Au total, ce sont neuf groupes à gérer pour le chef qui reste de dos pour certains d’entre eux. Chacun des groupes est réparti dans la salle. Un groupe de deux musiciens se trouve en haut du gradin central, cloisonnant ainsi l’espace supérieur de l’ONL. Un groupe à chaque entrée, quatre sur la scène centrale et deux dans les galeries supérieures. Comme une boule de musique le son vient de partout. Les petits groupes sont composés d’instruments à vent et de percussions en tous genres, castagnettes, maracas, cloches…
Une sensation étrange se dégage de ce morceau.
Un stress presque oppressant est rendu par l’entourage de la musique. Le spectateur est englouti.
Dans ce Rituel de Pierre Boulez, les musiciens sont plus libres sur les séquences paires alors que les séquences impaires sont dirigées et synchronisées par le chef. Une vision presque mathématique de la musique. Les sections nous touchent immédiatement, sans répit pour le spectateur, avec des répétitions et une harmonie statique. Le jeune chef d’orchestre, Maxime Pascal, donne toute son énergie à cadrer l’espace et les différents groupes de musiciens.
Après un entracte de quinze minutes, l’orchestre revient sur scène. Celui-ci a repris une composition dite « normale ».
Soit une centaine de musiciens sur le plateau de l’ONL. Au programme, la symphonie fantastique de Berlioz pour 55 minutes de musique. Plus d’une dizaine de violonistes commencent leurs partitions et les archets s’élèvent à toute vitesse dans les airs donnant l’illusion d’une envolée. Ici, l’orchestre est géré d’une main de fer par le chef d’orchestre. Le chef n’est plus au centre, mais à la tête de son orchestre, chaque instrument rangé avec les autres de la même famille.
Cette symphonie fantastique (ou Épisode de la vie d’un artiste, symphonie fantastique en cinq parties) serait autobiographique de ce bon Berlioz fou amoureux de l’actrice irlandaise Harriet Smithson. Plus proche du poème symphonique, l’histoire est un peu détournée de la réalité. La femme aimée devient une illusion, une idée fixe dans le rêve d’un jeune homme endormi après avoir fumé trop d’opium (nous sommes au XIXe siècle). Pendant cinq mouvements, le rêve du jeune homme passe par tous les stades, de la passion, aux mouvements de fureur, à la jalousie, à des retours de tendresse et bien sûr, aux larmes.
L’être aimée ne se présente pas au dormeur.
Dans la suite du rêve, le jeune homme rêve qu’il la tue. Il est envoyé à l’échafaud (référence au contexte historique, révolution de 1830 avec la chute de Charles X) où, comble du comble, sa tête roule dans le panier. La suite du voyage nous emmène dans les enfers avec des squelettes et des sorcières pour une danse plus macabre ou les cuivres sortent toutes leurs puissances. La musique nous raconte toute cette histoire parfaitement et le spectateur se sent pris dans un nuage d’opium à la fin du concert.
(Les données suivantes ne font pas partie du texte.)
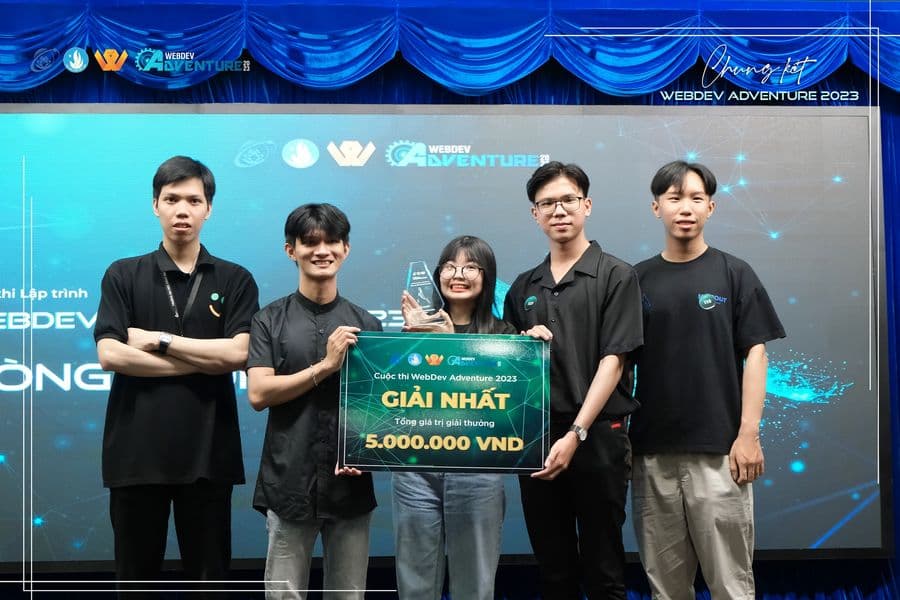 Chúc mừng Tân Quán quân - Á quân - Quý quân cuộc thi Webdev Adventure 2023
Le programme a offert deux compositions totalement différentes pour comprendre le rôle du chef d’orchestre. L’une, dans une vision formelle de l’orchestre avec Berlioz et l’autre, une vision contemporaine avec Pierre Boulez. Il ne faut pas oublier au départ que l’orchestre est presque organisé de façon militaire. Le général serait le chef d’orchestre, les adjudants et les autres, serraient les Premiers de chaque instrument. Et ainsi de suite. Ici, les deux manières de fonctionnement de l’orchestre ont ainsi permis de comprendre sa hiérarchie et l’importance du chef d’orchestre qui devient presque un chef d’entreprise avec deux façons de diriger.